At the other end of the radio link, at essentially the same time, a receiver listens for low levels of signal and applies the same coding sequence to the data. If the data seem meaningful, the receiver processes it to the output of the transmitter. If the information is not meaningful, the receiver assumes it is noise and discards the information.
The unique coding sequence is the key element, because it enables many different DS systems to use the same frequency range without interfering with each other.
In the FH system, the bandwidth is used differently. In these systems, the bandwidth is broken up into multiple smaller frequency bands or channels. The system breaks data to be transmitted into smaller chunks. The transmitter then broadcasts these chunks across the various channels in accordance with a unique pattern, known as the hop code pattern.
The receiver is synchronized with the transmitter and listens to the unique channels in the order of the hop code pattern. In this fashion, the data is reassembled and output from the RF system.

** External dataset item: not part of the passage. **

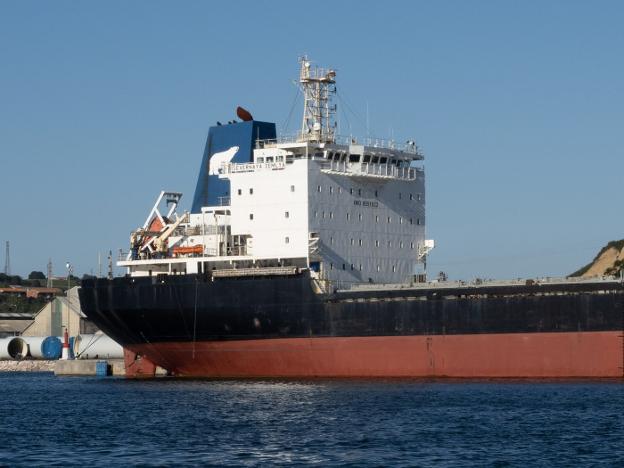 El barco ruso abandonado en el muelle de Valliniello sale a subasta por segunda vez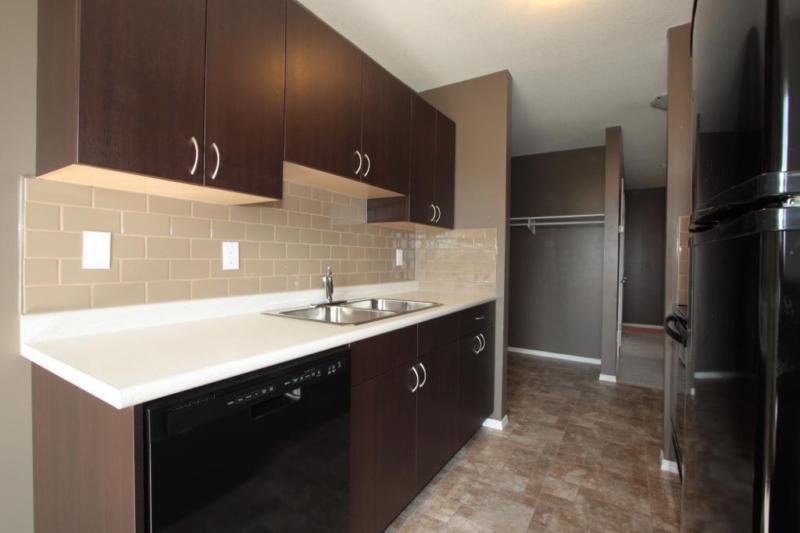 Renovated Two Bedroom, Top Floor, Available May 1!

Managing the Airwaves with Communication Protocols
The Effect of Environment and Interference
The Effect of Environment and Interference on Radio Wave Propagation
In a perfect world, with no interference, great radio designers, and a perfectly benign atmosphere, DS and FH systems work equally well. But the world is not perfect and interference does exist. Once we move outside of the lab and into the auto plants, steel mills, refineries, and cereal manufacturing facilities of the world, environmental factors—such as radio wave absorption and reflection—can significantly affect radio performance.
RF Link Quality Varies
The probability of reception at a given frequency on a particular channel at a particular moment varies. That’s why a cell phone connection can be dropped, even when both parties on the call are standing still. A dropped signal is referred to as radio link loss.
One way to address the problem is to vary, or hop, the frequency according to a predefined pattern. With frequency hopping, if interference on one frequency prevents a data packet from being received, the transmitter moves to the next frequency in the pattern and resends the data packet.
An alternative solution is to intentionally build multiple paths between the transmitter and receiver. This alternative is discussed in more detail in an upcoming white paper about networking.
Interferers Degrade Radio Performance
Interferers are objects that block radio signals or generate electrical interference. Interferers reflect, refract, or absorb radio signals, resulting in signal loss. Common interferers include objects, walls, ceilings, and other radios. As with the problem of radio link loss, frequency hopping can help stabilize the path.
Banner's SureCross System
Banner chose the 900 MHz band because it offers long range and an inexpensive design, and the data throughput rate exceeds the needs of most expected sensing applications.
Banner also offers a 2.4 GHz design, because 900 MHz systems cannot be used in Europe or many parts of Asia, while 2.4 GHZ has broad worldwide acceptance. It offers higher bandwidth for data-intensive applications—in other words, it takes less time to transmit a smaller data packet, which can improve battery life. In addition, transceiver components are widely available.
Banner’s SureCross system uses frequency hopping to improve reliability. It splits the 900 MHz and 2.4 GHz bands into 27 unique channels. Sixteen unique pseudorandom hop patterns are defined across these 27 channels—the network ID determines which hop pattern code to use. Thirty-two different Banner SureCross systems can co-exist in the same physical space without interference: 16 at 900 MHz and 16 at 2.4 GHz.